In a bowling event, that number is quite commendable, showing that a kegler has averaged 200 pins per contest in a normal three-game set. It also would mark a very commendable softball batting average, an average SAT score or enough cash to purchase a couple of airline tickets to Boise, Idaho.
In the coaching ranks of Ohio High School Athletic Association girls basketball, it is a number that puts a coach in very rare territory when talking about wins.
When Hiland head coach Dave Schlabach peeled off his 600th career victory in a road win over Newcomerstown, it marked a monumental achievement that only a handful of coaches have accomplished in Ohio’s illustrious girls basketball history.
Schlabach was honored when his team racked up win number 601 when his Lady Hawks dismantled Magnificat 71-34 on Feb. 5 at the Reese Center, and Schlabach took a comic view on that number.
“There aren’t a whole lot of coaches who are stupid enough to coach that long,” Schlabach said with a laugh.

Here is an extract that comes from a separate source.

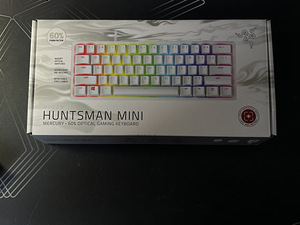 Razer Hunstman Mini Mercury Edition (5 foto / 7)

A huge throng of former players and coaches showed up for the Magnificat game to celebrate a ceremony for the achievement, and that alone meant more to Schlabach than any win total.
“It’s neat,” Schlabach said of seeing so many former greats return to the Reese Center to celebrate and honor the 600 wins. “I’ve never coached for the wins. I have coached for the relationships. The kids who were here was awesome. The wins will be forgotten, but the relationships I’ve made have been amazing. It’s a really neat family or sorority we have made. These types of events always bring back a lot of really good memories.”

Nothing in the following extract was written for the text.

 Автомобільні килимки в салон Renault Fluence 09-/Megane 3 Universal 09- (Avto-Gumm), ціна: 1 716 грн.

That run to 600 includes a whole host of memorable victories. First and foremost are the five state championships, five state runner-up titles and heading up 13 of Hiland’s OHSAA-record 15 state tournament appearances. It also includes his Lady Hawks having been to state in seven of the past 10 seasons.

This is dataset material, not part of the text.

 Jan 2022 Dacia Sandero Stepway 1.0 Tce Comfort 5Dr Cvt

Yet while wins come and go like seasons in Amish Country, it isn’t necessarily easy for Schlabach to create a list of his top-10 favorite nontournament wins.
“Someone asked me to rank my top-10 nontournament wins, and that would be difficult,” Schlabach said. “But I honestly think I can remember each and every one of our losses during my 27 years.”
That is because it is a whole lot easier to recall 93 losses rather than over 600 wins, and like most any coach, the person in charge always tends to remember the ones that got away anyway.
Schlabach said the win total wasn’t about him as much as it was about the program, the players and the various coaching staffs he’s assembled over the years who have made the commitment to putting in the time to make that win total possible.
“I’m not sure about the good things I have done, but the one thing I have done I do take credit for is surrounding myself with some really good people,” Schlabach said.
He has seen a number of former players and coaches move on to become coaches in the high school or college ranks. Current assistant coach Dave Borter has been with Schlabach since the 2000-01 season. Former longtime assistant and All-Ohioan Pam Oswald is currently the head coach at Tiffin University. The current core group of assistants that includes Borter, Nick McMillen and Carly Mayle each bring their own unique gifts to the group, which helps provide the perfect blend of styles to complement Schlabach’s coaching style.
Whether Schlabach hangs around long enough to reach the rarified air that is the 700-win club remains to be seen. If he sticks with it to see his youngest freshman daughter Gabby through the program, he will be knocking on that door.
Regardless, Schlabach will certainly go down as one of the most prolific, successful head coaches in OHSAA history, whether it’s boys or girls.